Ensuring the integrity of TUEs
There are a number of safeguards in place to ensure the integrity of the TUE program and to protect those athletes with illnesses and medical conditions. In fact, the majority of athletes needing TUEs often remain at a disadvantage because of their illness or condition despite the ability to use medications.
“We continue to monitor not just individual TUEs but the process as a whole to ensure that it is fair and not being abused”, said David Healy, Manager, WADA Science and Medicine. “We performed an in-depth review of TUEs at the highest level of sport by analyzing individual events at the Olympic Games from 2010-2018. Results showed the number of athletes competing with valid TUEs at the Games was less than 1%, which is similar to the number of medal winners with TUEs. Importantly, statistical analysis suggests that there is no meaningful association between having a TUE and winning a medal”. Photo of David
While it is true that the TUE program has a robust process, offers clear guidelines and standards, and benefits from ongoing monitoring, the key to ensuring its effective implementation by ADOs around the world is education – for athletes and their support personnel, as well as individuals within the ADOs themselves.
Katia Alloun, Medical Consultant, WADA Science and Medicine, said: “I am working with colleagues within WADA, as well as global experts, to improve the capacity and capabilities of ADOs in order to deliver harmonized and high-quality TUE programs that ensure fairness for all athletes around the world.
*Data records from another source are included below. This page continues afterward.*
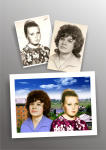 ретушь+колерование черно-белой фотографии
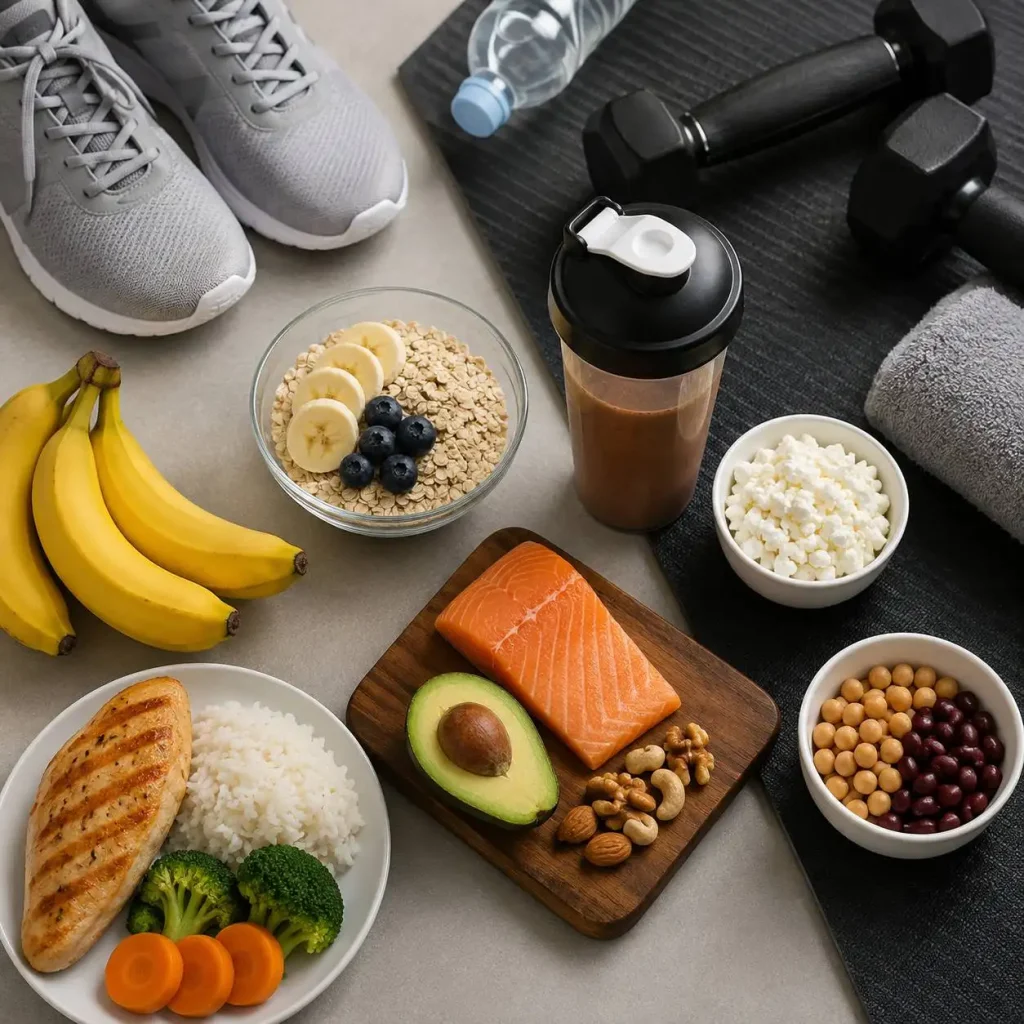 تغذیه ورزشی قبل از تمرین چه بخوریم؟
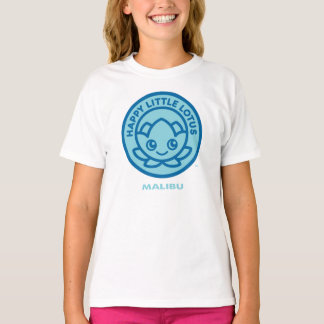 Happy Little Lotus, Malibu, T-Shirt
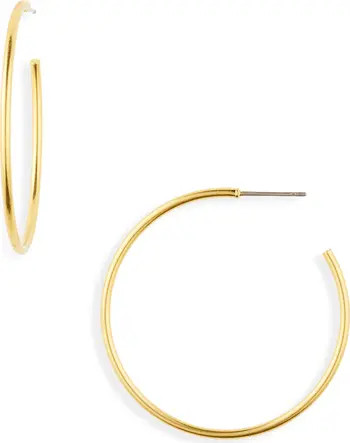 Madewell Medium Hoop Earrings | Nordstrom | Nordstrom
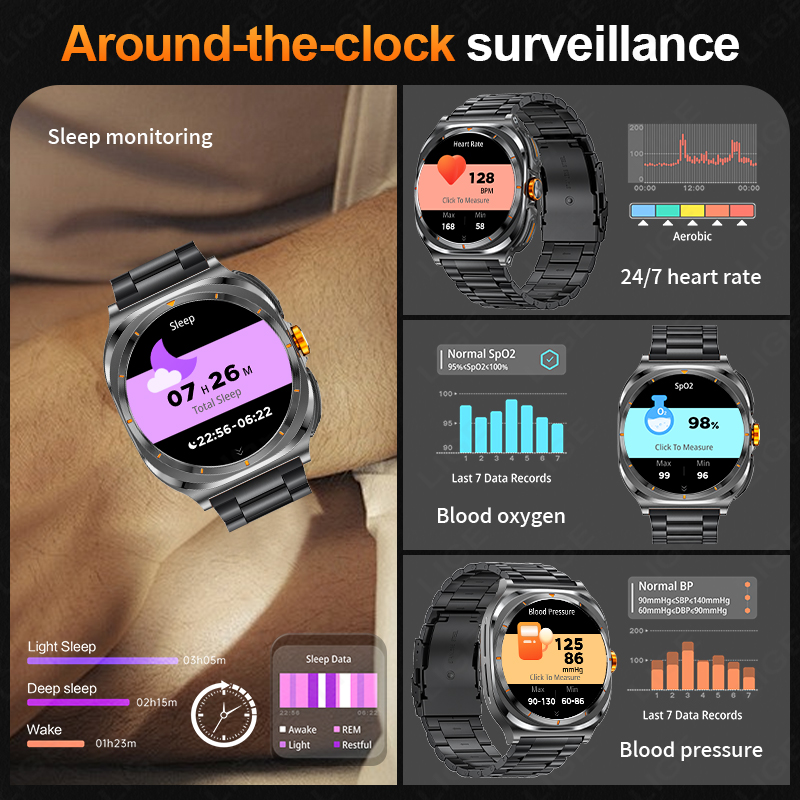 Lige 2025 relógio sem fio fone - Smartwatch Running Watches For Men avaliação e preço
In collaboration with WADA’s Education Department, we have developed a wide range of resources related to TUEs that athletes and ADOs can consult and use as part of their various anti-doping education programs.”
These resources can be accessed via the WADA website or WADA Anti-Doping Education and Learning platform (ADEL) and include:
- The ISTUE and associated guidelines for implementation;
- TUE Physician Guidelines;
- TUE Checklists;
- Code Implementation Support Program on ADEL – ISTUE section; and
- Various e-learning courses and resources for athletes and medical professionals on ADEL.